The decline of Surabaya and other coastal towns in northeastern Java contributed to the decline of Javanese trade in the following period, and the rise of the Sultanate of Makassar in Sulawesi as a major centre of the spice trade in Nusantara.

== Economy ==
With an economy oriented toward trade, Surabaya became a major trading port by the early 16th century. Its ships were seen throughout Nusantara, as far west as Malacca and as far east as the Spice Islands. It owed its importance to its location on the international trade route between those two points. In addition, its location on the delta of the Brantas river connected it with inland agricultural areas. The upriver communities supplied it with rice, both as food for Surabayans and as a trading commodity for Surabayan merchants. Surabaya supplied the inland communities with trade goods such as clothing, jewelry, and porcelain. Most other port towns on the northeastern coast of Java, such as Demak and Tuban, were allied with Surabaya before they fell under Mataram control. The VOC had a trading post in Gresik, a port town under Surabaya's control, from 1602 to 1615. At this time, the VOC's territorial control in Java was limited to Batavia (today's Jakarta).

== Rulers ==
The rulers of Surabaya had the rank of adipati, usually translated to English as a duke.
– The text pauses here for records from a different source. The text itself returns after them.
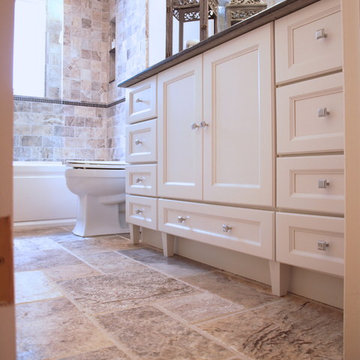 Tumbled Marble Floor Tile and White Vanity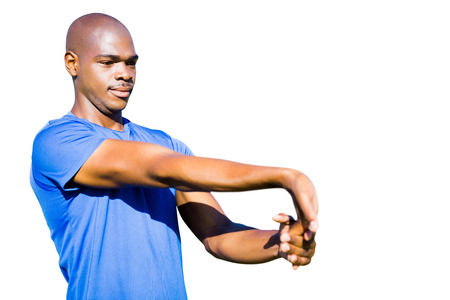 Portrait of sportsman is stretching his muscles
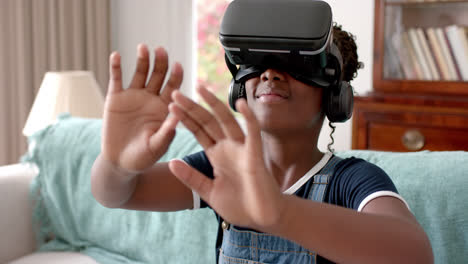 African-american-girl-using-vr-headset-and-touching-virtual-screen-in-living-room,-slow-motion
The rulers became Muslim from at least 1513, when Surabaya was still subordinate to the Hindu-Buddhist Majapahit. The dukes of Surabaya claimed to be descendants of Sunan Ampel (1401–1481), one of the nine saints (wali songo) credited with the spread of Islam in Java. However, de Graaf wrote that there was no evidence for this claim although he considered it likely that the ruling family were distantly related to Sunan Ampel. The last duke of Surabaya was Jayalengkara, who at the fall of Surabaya in 1625 was already blind and aged. His son, Pangeran Pekik, was forced to live in Mataram after Mataram's victory. He later married Sultan Agung's sister, and according to de Graaf, "did much to civilize the Court" of Mataram.